I’ve started noticing how the emotional tone I set in the evening affects my sleep, which then affects my morning, which shapes the entire day ahead. It dictates my capacity.

Emotional posture precedes action.
It colors it.

Even if I’ve had a “bad” day and feel ashamed or unbalanced, I can still choose my perspective on it.

My inner critic used to find ways to ambush me while I was falling asleep — at my most vulnerable.

That voice would echo in my dreams, then wake me up with a slap of guilt and a kick of shame.

I would continue making decisions to avoid failing rather than to win.

That may seem like a small difference — but the devil is in the details.

Your internal position completely changes how you aim.

And you don’t need to rewrite your entire life story in order to adjust that position.

Dignity, honor, and self-respect don’t need firm ground.
They don’t need proof.
They should be a given.

A gift — from you to you.

When we play victim, we end up a victim.

When we dramatize the victim story, we give it more power.

When we set limits in our point of view, we inevitably hit those limits somewhere down the line.

Being tired is valid.
Feeling unwanted is valid.

But who made the rules?

We may not be able to rewrite the past — but we can write a generous review of it.

You have always done your best with the information you had at the time.

Why not cut yourself some slack and decide that you get to make your own rules?

Get yourself off your own back.
Are you too harsh on yourself?

You deserve compassion, steadiness, and stability.
If the world hasn’t given them to you, you can still let them take space in your psyche.

Create them through self-forgiveness — or rather, by realizing there is nothing to forgive.

You did the best you could.
What is there to feel guilty about in that?

This world may not have been designed for sensitive people like us — but we are the antidote to its harsher ways. And we need to own that with the self-respect it deserves.

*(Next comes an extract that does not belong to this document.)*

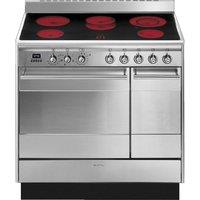 SMEG Concert SUK92CMX9 90 cm Electric Ceramic Range Cooker - Stainless Steel, Stainless Steel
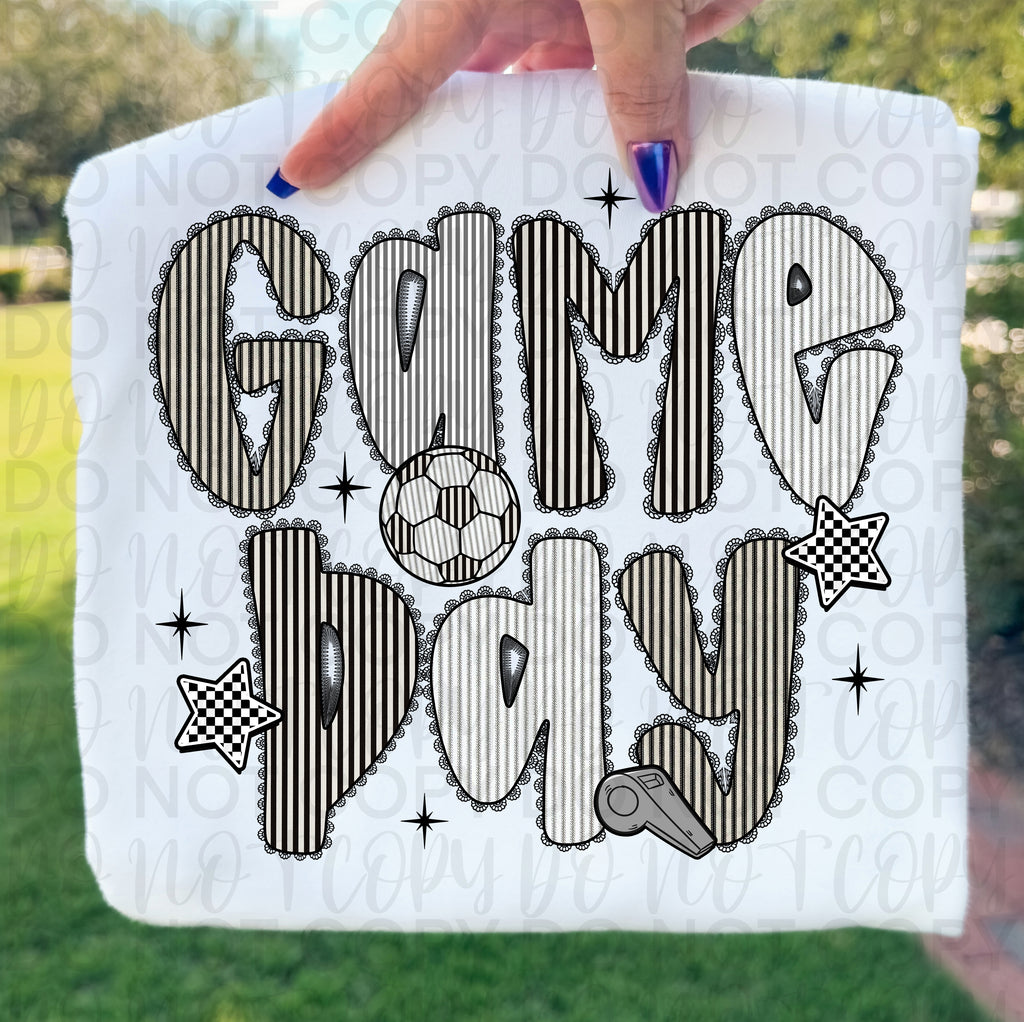 Game Day Soccer Seersucker PNG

I know you extend this compassion and understanding to others.

Just not enough to yourself.

And that is the real tragedy.

That someone convinced you that you don’t deserve your own friendship and support.

That you need to guilt-trip yourself into moving forward.

This is what many people who seem to have it easy understand.

This agency we can reclaim is very quiet.

It doesn’t need to be shouted from rooftops or posted about.

It only needs one audience — the most important one of all.

Yourself.

And you don’t need to move a mountain to regain that self-respect.

You only need to change how you look at it.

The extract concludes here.